▶ **WHAT TO WORK ON**: In the records below, the line with "2014 Subaru Outback 2.5i Premium" and every line after it must be written out exactly; no pictures belong in the result.

+++++

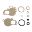 Dicht Kit D Ortosilver 20-20D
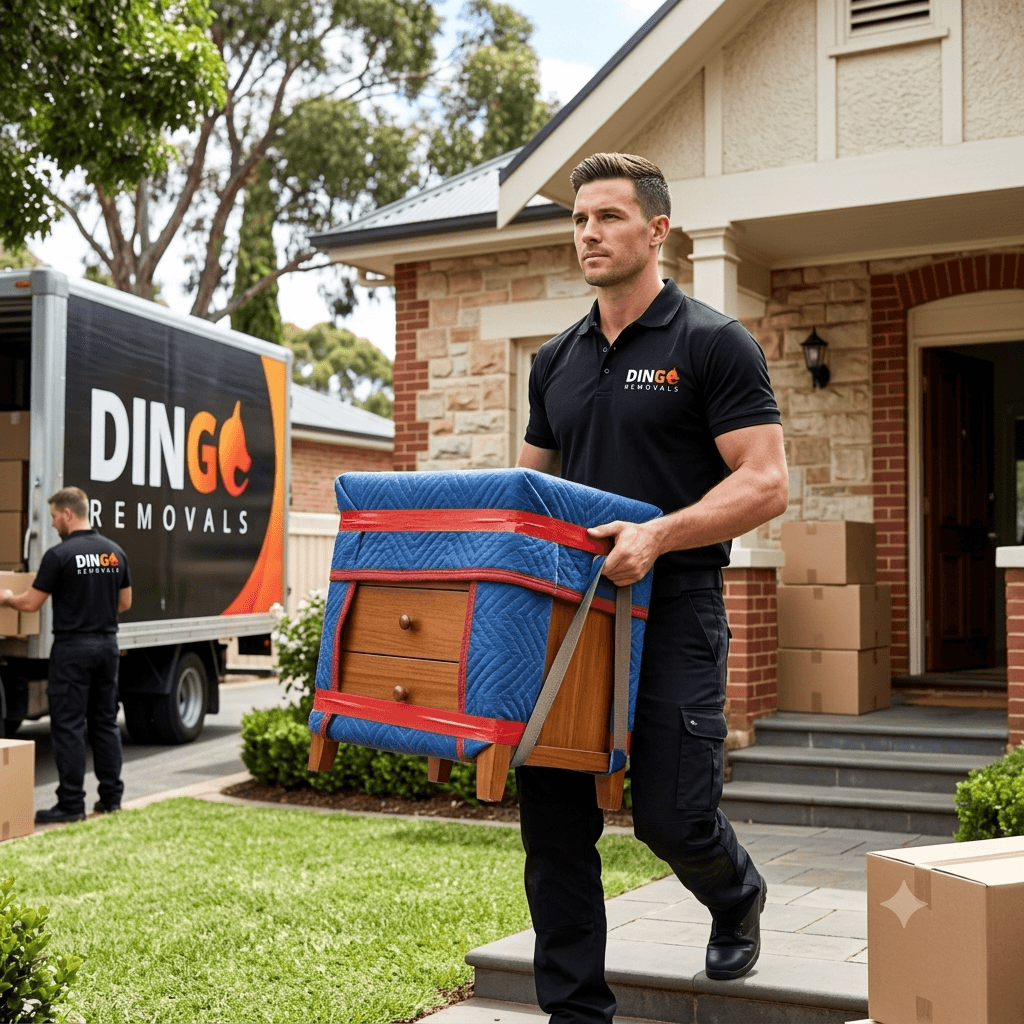Residential moving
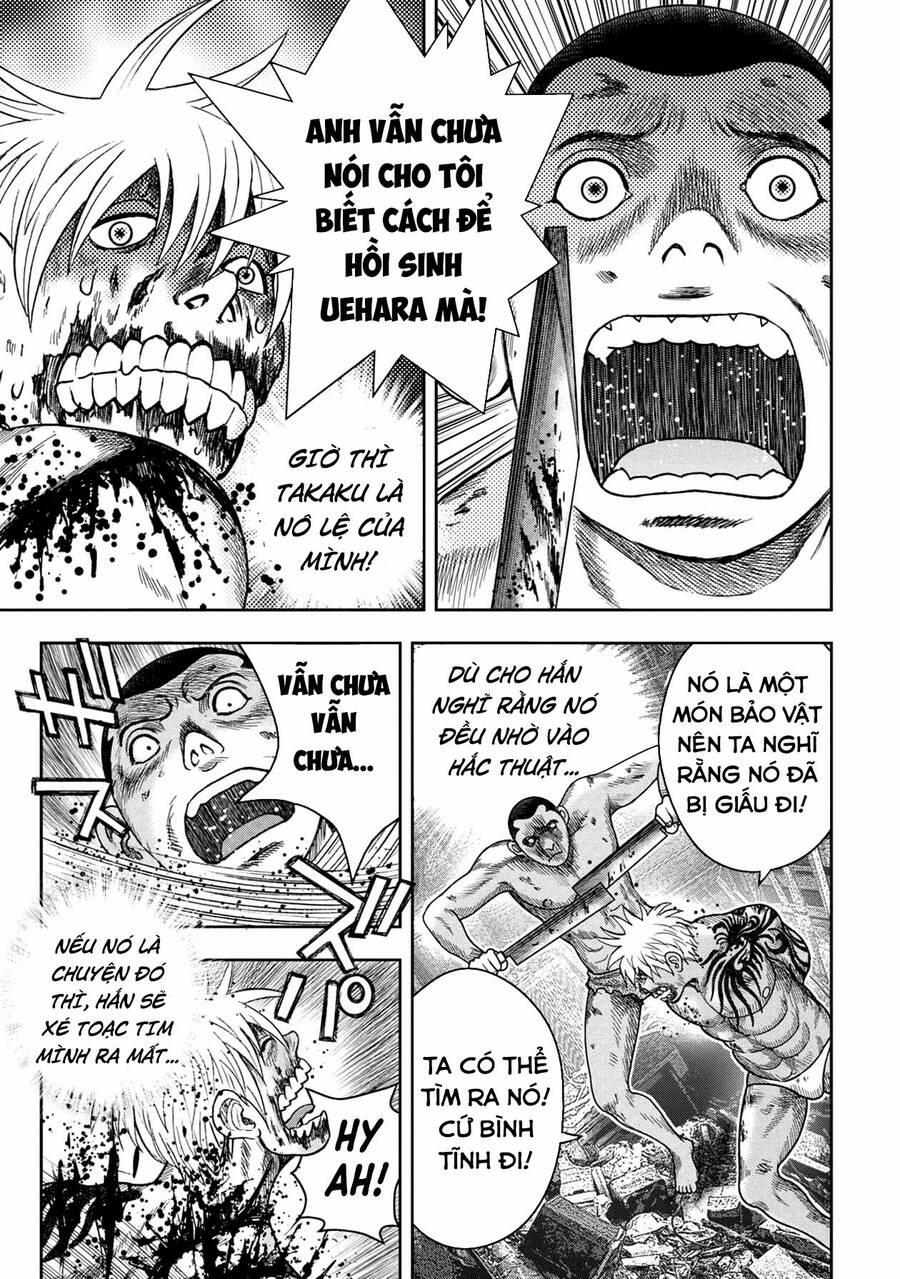 Freak Island – Đảo Quái Dị 123.5 trang 4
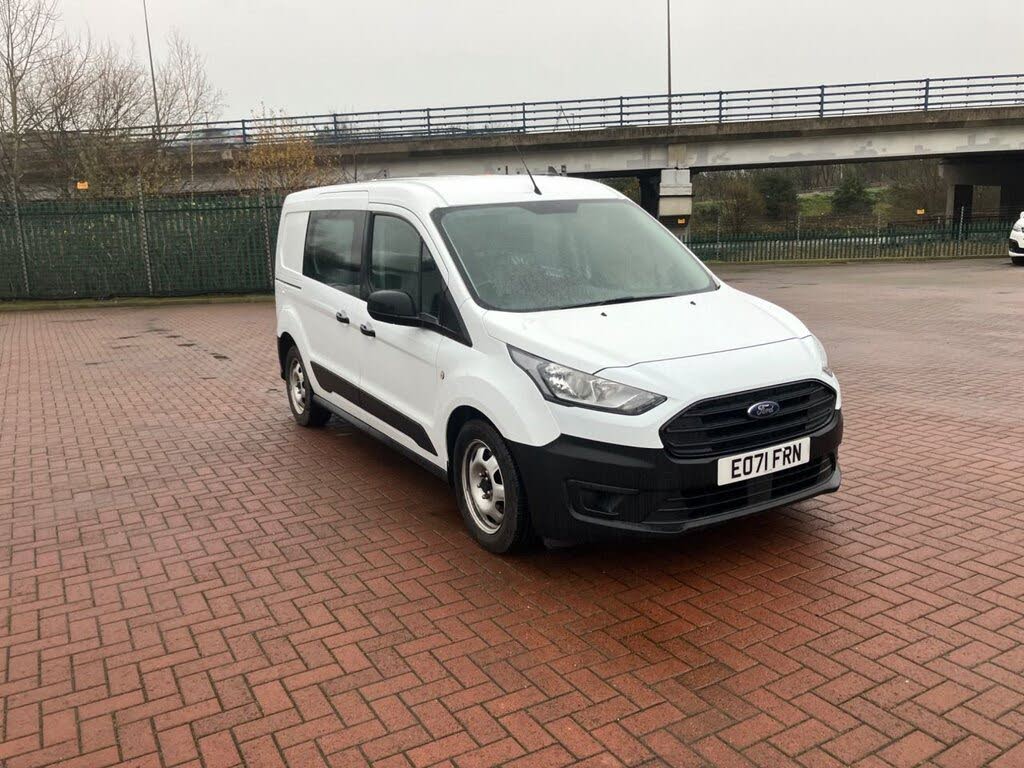 2021 Ford Transit Connect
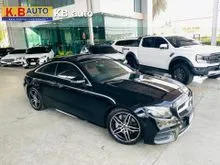2018 Mercedes-Benz E300 2.0 W238 (ปี 17-24) AMG Dynamic Coupe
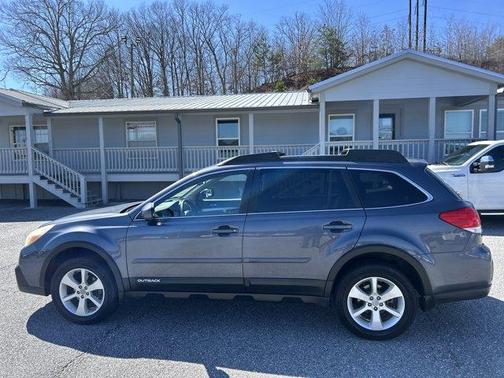2014 Subaru Outback 2.5i Premium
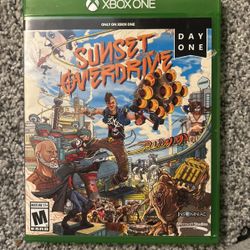 Sunset Overdrive 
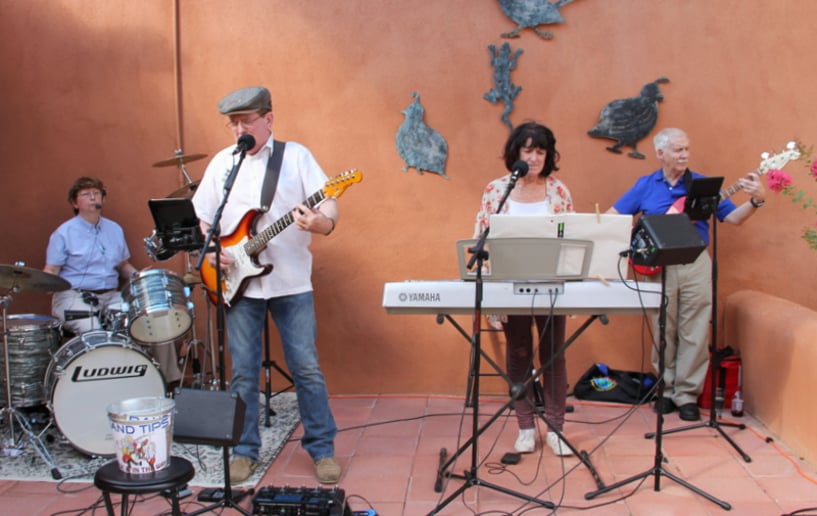 Gallery photo 5 of Olde & in the Way Band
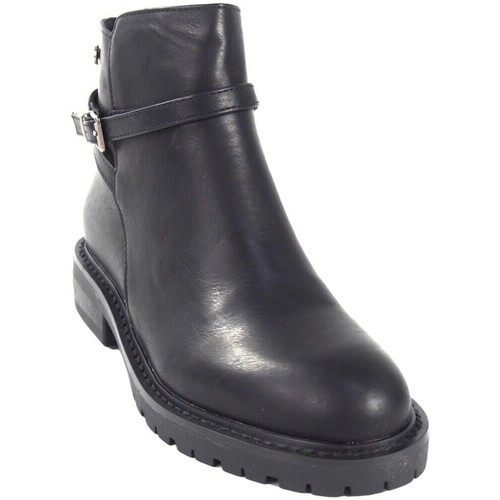 Xti - Botín señora130029 negro Negro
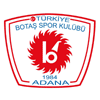 Logo du Botaş Spor Club Adana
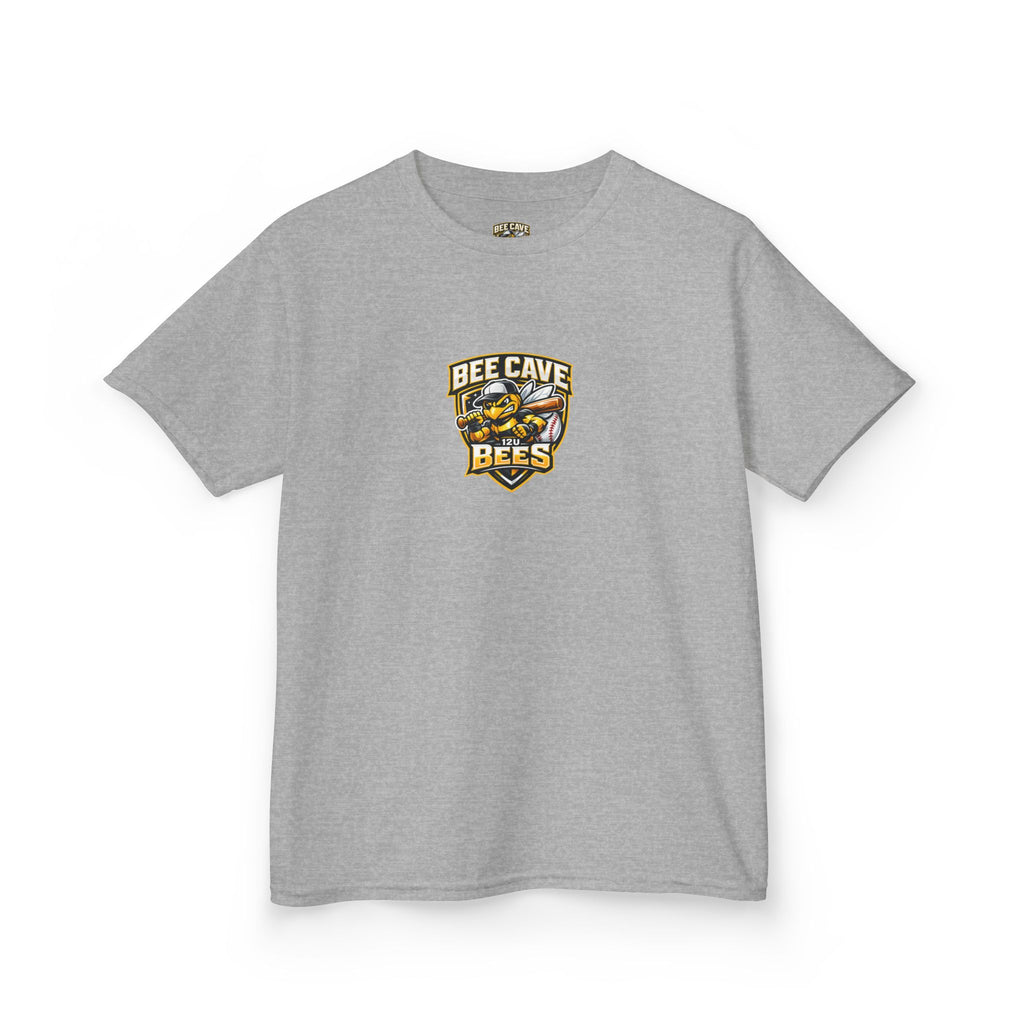 Bee Cave 12u Bees - Youth T-Shirt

+++++

▶ **SOLUTION TO THIS PROBLEM**:
2014 Subaru Outback 2.5i Premium
 Sunset Overdrive 
 Gallery photo 5 of Olde & in the Way Band
 Xti - Botín señora130029 negro Negro
 Logo du Botaş Spor Club Adana
 Bee Cave 12u Bees - Youth T-Shirt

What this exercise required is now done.